An Invisible Footprint; Do We Trust the Social Networking Scene?

Facebook recently made significant changes to security. Since that time I have not been posting updates on FB. Why? Because I have not gone through the step of making the required “privacy settings” decisions. Members must choose the level of access that they are willing to grant to others. Does everyone in the world get to access my personal information or do I want to restrict that privilege to only those who are my family? Or friends? Or friends of friends?

My wife tells me that I am naïve. I want to believe the best in people, that they do not intend to be hurtful, that they will not use knowledge about me to their own gain and my detriment. That leaves me asking why I should not allow everyone to have access to my personal information. I trust them. And trust is a big issue.

Facebook has raised interesting issues for those involved in social networking and the safety of those who utilize tools like Facebook to stay in touch with friends. As I was reviewing the options, I began to think about how the same issues must be addressed in any community. Trust is paramount. We must have confidence that others will not abuse our transparency. When we take off the masks and allow ourselves to be known, we open ourselves to potential abuse. Someone may divulge things shared in confidence. Or they may hold those confidences dear while graciously helping us to become more of who we were created to be, conformed to the image of Christ.

One thing I know, missional lifestyles are not lived in isolation. Being missional requires relationship with others. Facebook has a limit on the number of “friends” one can have. Ed Stetzer became a “big deal” when his friends numbered 5000. (You can laugh with Ed by clicking here.) In reality, probably none of us could have that many true “friends.” The number of persons in whom we can invest and be invested emotionally is much lower. It is in the smaller group that authentic relationships develop; those that move beyond superficial to significant. Without community we are incomplete. Yet community carries a price tag that is too great for many.
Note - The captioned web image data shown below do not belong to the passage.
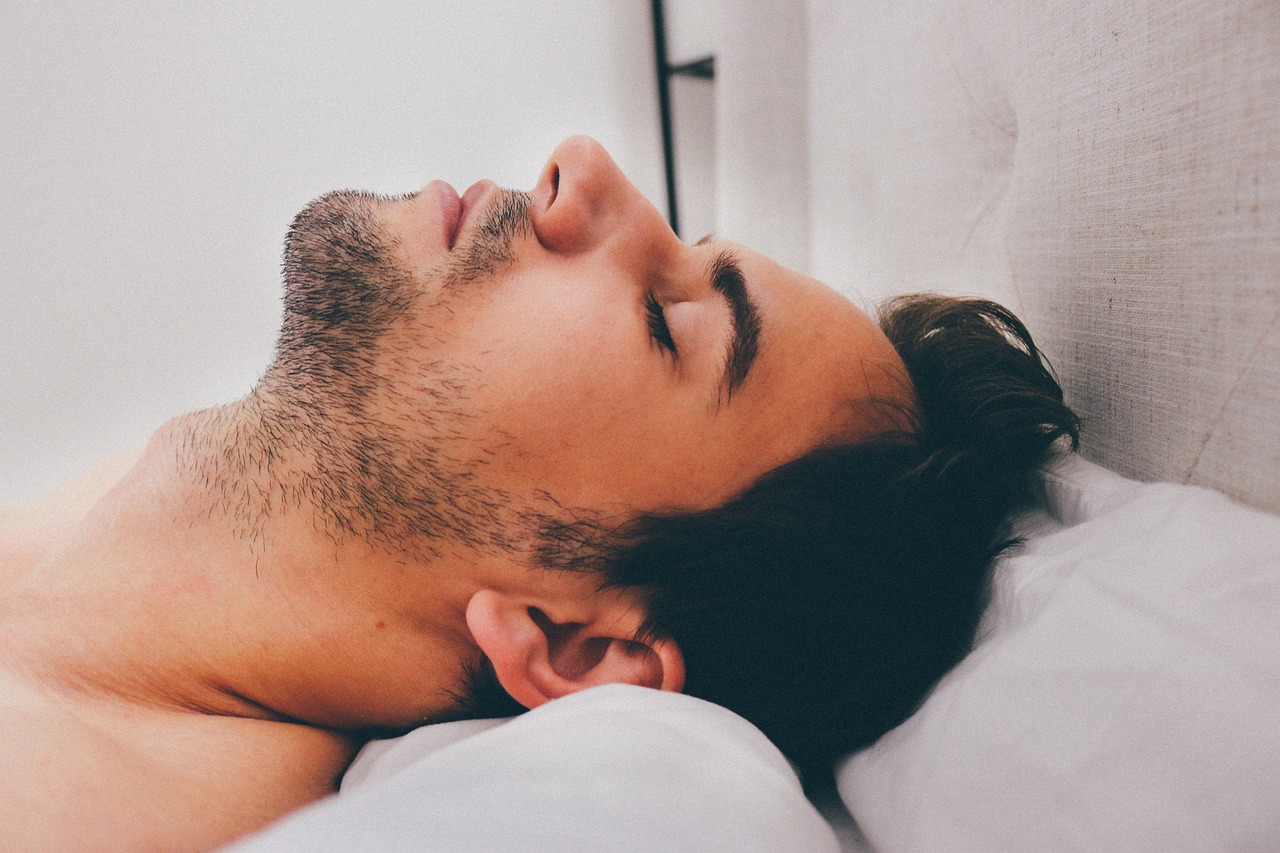 Nackenstützkissen – So unterstützen Sie die Wirbelsäule im Schlaf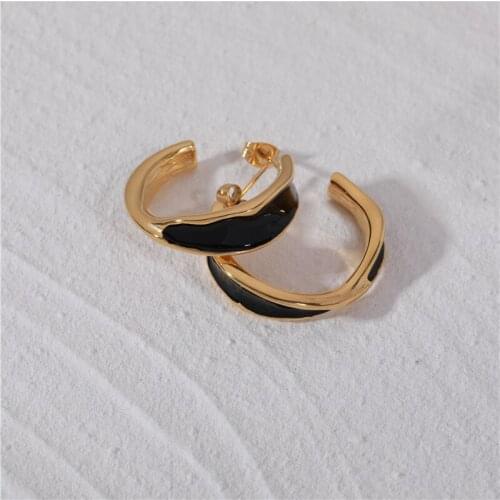 Joolim High Quality PVD Plated Enamel Black & White Irregular Hoop Earring Waterproof Jewelry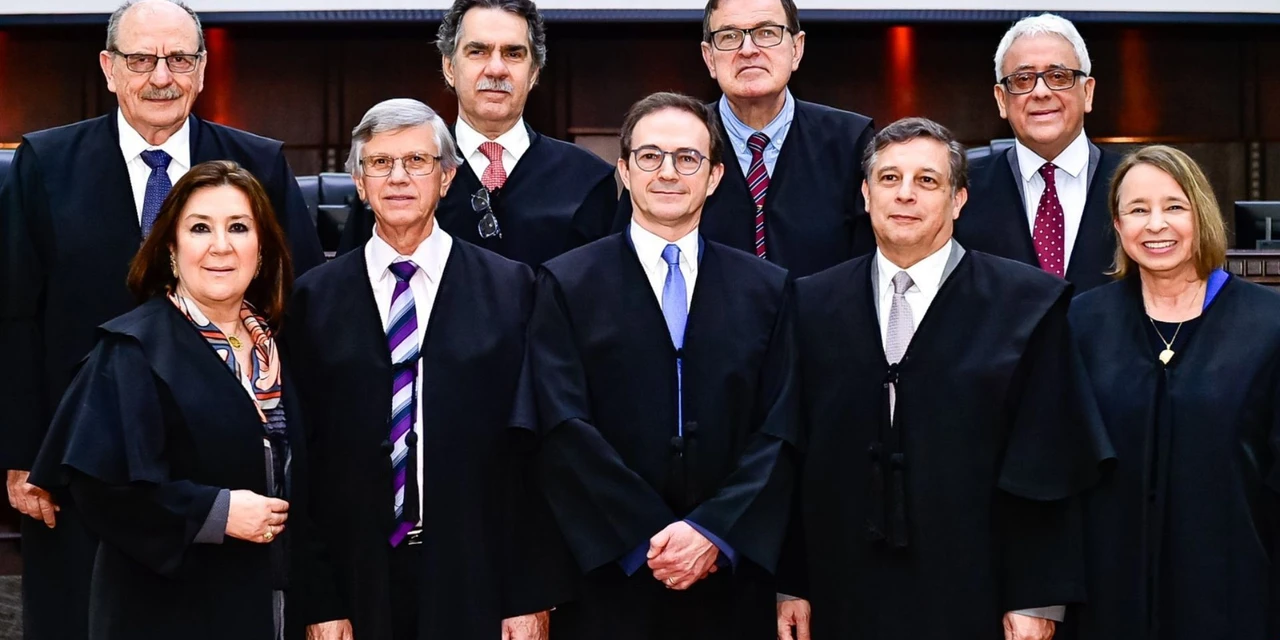 TRT-PR elege nova liderança: desembargador Arion Mazurkevic assumirá a presidência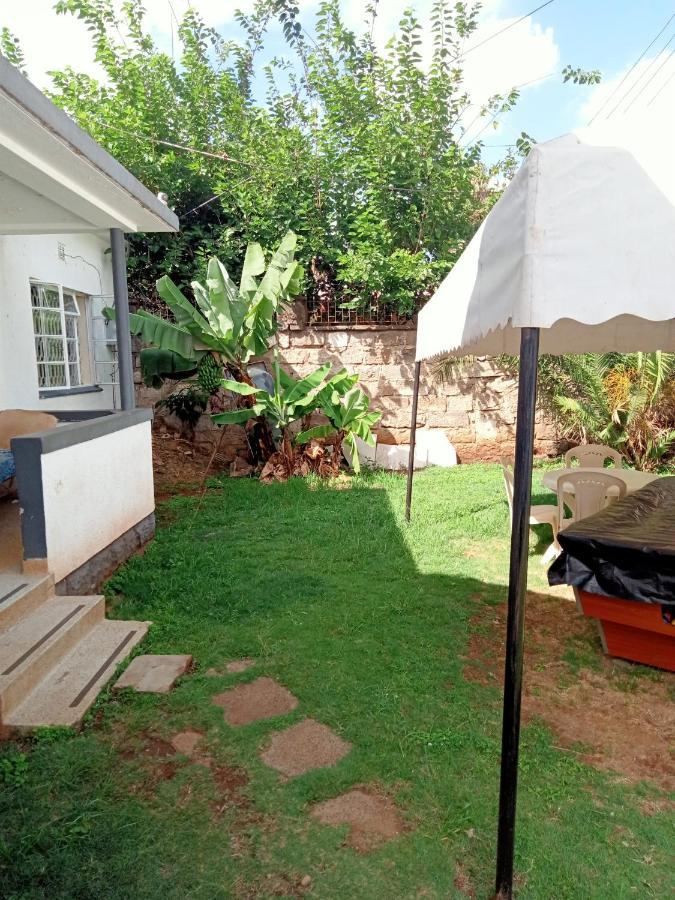 Pinkroses Gardens Hostel Найроби Экстерьер фото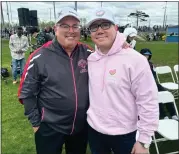  ?? PHOTO BY RICK CAWLEY ?? Fields maintenanc­e prime mover Jim “Turtle” Marino chatted it up with “Mike Gioquindo Award” recipient Jim Kwartnik.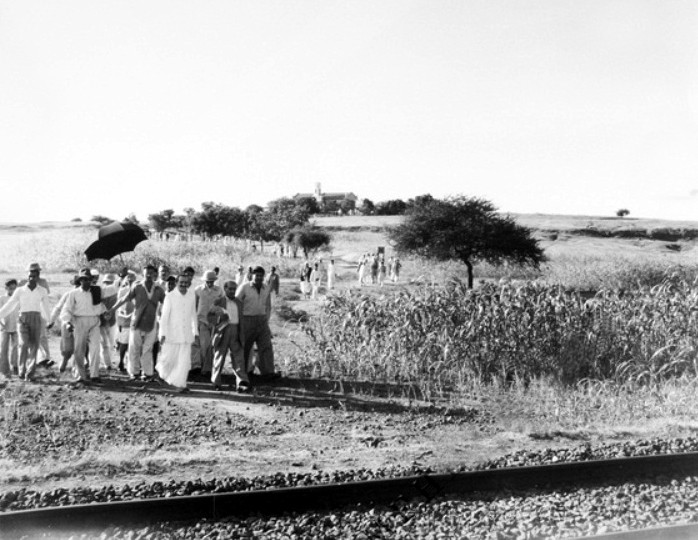 1950S - Baba near the railway line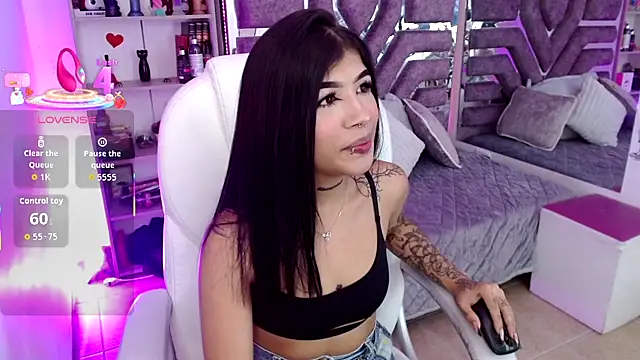 AliceWalker 11 online show from 11/09/25, 08:24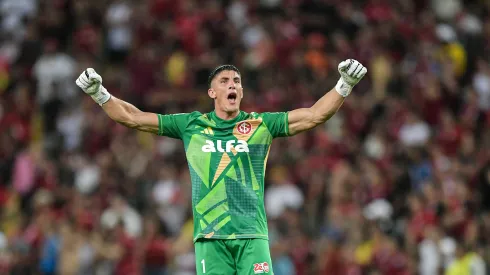 Rochet goleiro do Internacional comemora gol durante partida contra o Flamengo no estádio Maracanã pelo campeonato Brasileiro A 2025. Foto: Thiago Ribeiro/AGIF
Hugh Halter and Matt Smay got it right: “Everyone’s talking about community. Everyone seems to want it, most complain if they don’t find it, but it’s harder to pull off than you think.”(From the introduction to The Tangible Kingdom Primer) Where have you experienced real community? Do you currently have a relational community whom you trust completely? Do the words “church” and “community” intersect for you? If so, how? If not, why?

I look forward to dialogue about “missional community” with people like you who are on the journey at VERGE on February 4-6 in Austin, Texas. I’ll see you there.


Lisa M. said...

I've often wondered if people use social networking to feel connected without actually being connected, without opening up and dropping the mask. Much like eating a restaurant meal used to be dining out and now it's the drive thru.

Missional Church Center said...

Interesting thoughts Lisa. Connected without connection's price?